Memang tampaknya masyarakat Indonesia (terutama yg tinggal di koridor Bandung - Jakarta) harus mengalami dulu "macet - macet - total - total" baru ngeh dan belajar plus sadar bahwa sampai kapanpun jalan raya / toll SENDIRIAN tidak akan pernah bisa menyelesaikan dan memberi jawaban yg terbaik cara bepergian (apalagi untuk koridor seperti seperti Bandung - Jakarta). Baru sadar kalau sudah terlambat nanti dan harga yg dibayar akan terlalu mahal, karena INTANGIBLE Cost nya gak pernah ikut dihitung.


Kalau kita mau jujur ke diri kita sendiri, coba dijawab pertanyaan2 ini :

> memangnya kalau (misalnya) jalan toll dibuat sepuluh jalur dua arah, apa ya gak kelelep jalan di dalam kota Bandung dan Jakarta menampung arus masuk yg segitu gede (artinya membangun jalan toll sendiri - walaupun swasta dan mampu, itu adalah cerminan berpikir hanya sepihak dan "egois", short sight, impaknya ke seluruh sistem jalan dalam kota2 akan sangat berat / bencana buatan manusia modern).

> kalau semua pakai mobil (DAN TIDAK EFISIEN / SE EFISIEN KA) apakah masih cukup BBM FOSSIL untuk semua mobil, katakan hingga 25 - 50 tahun kedepan, kalaupun ada bagaimana kalau harganya selangit, apa masih kebeli (mau semuanya pakai hybrid??)

> kalau semua lahan diubah jadi jalan toll dan sebagai "domino efek" jalan pengumpan maupun penerimanya juga terpaksa di perlebar dan mencaplok apa saja di kiri kanannya, apa masih tersisa lahan buat sawah, kebun, rumah, sarana sosial, taman, jalur hijau, sekolah, lapangan olahraga dll. Bukannya ini akan jadi "the end of the world" ketika sejauh mata memandang cuma tampak jalan - jalan - jalan thok.
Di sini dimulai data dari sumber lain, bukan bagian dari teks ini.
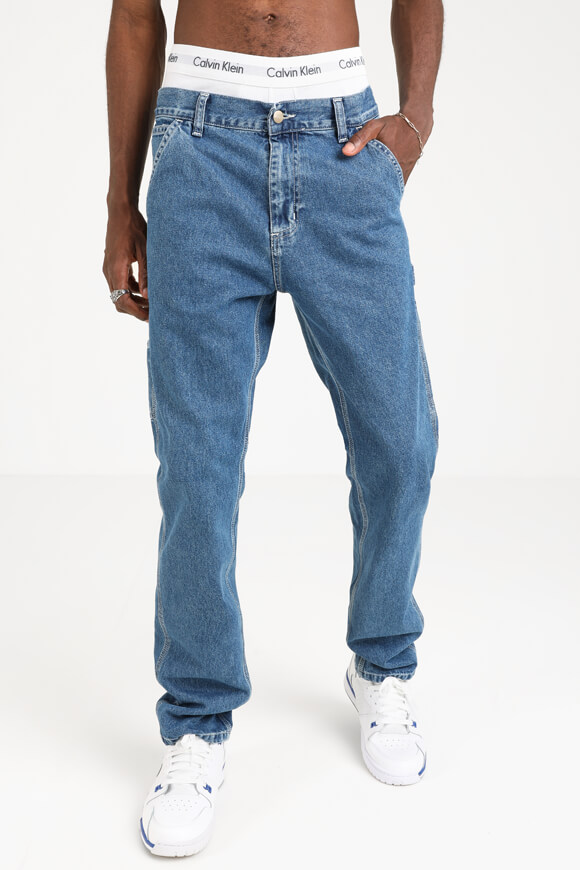 Carhartt WIP Relaxed Straight Fit Jeans L32 | Blue Stone Wash | Herren  | 30/32 von Carhartt WIP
> berapa harga yg harus dibayar untuk korban2 akibat polusi, sakit kronis, sakit akut, kematian dini, kecelakaan Lalin akibat berseliwerannya jalan toll dan jalan lain dimana2, sesuatu yg selau "dilewat" oleh para pelaku bisnis jalan raya (yg egois) krn gak pernah mau rugi (pura2 bodoh, buta & budeg dan gak mau tahu).


INTI masalahnya tetap tidak / belum dipahami oleh sebagian masyarakat awam yg "tertipu" oleh janji2 jalan toll. Padahal yang harus selalu diukur ialah Efisiensi Pengangkutan per luas lahan yg ditempati, dalam bahasa yg lebih teknis = berapa orang yg bisa diangkut per luas kendaraan / lahan yg ditempati.

Jangan mau di"bebodo" sama Pak DI, dia kan termasuk kelompok yg melihat sesuatu dari sisi enaknya saja (menurut dia), bahasa lainnya bagian yg dia suka dia akan ngomong keras ke-mana2, bagian yg dia tidak suka, gak akan di singgung2 sama sekali. TIDAK OBJEKTIF. Semua orang juga mengetahui bagaimana Cina membangun jalan KA di mana2 di pelosok negaranya untuk menjangkau berbagai daerah terpencil, plus merambah ke manca negara. Tapi karena DI gak suka KA, maka gak bakalan dia cerita soal kegigihan Cina membangun jaringan KA, yg dia suka mobil (dan jalan toll) maka dia ber-koar2 lewat media miliknya soal mobil (dan jalan toll).
Celakanya pemerintah sendiri tak berdaya karena sudah cekak duitnya, masih juga di"gerogoti" para tikus berdasi yg sangat "kreatif dan pinter2", akibatnya cuma bisa nurut dan ngalah terus ke selera para pelaku bisnis.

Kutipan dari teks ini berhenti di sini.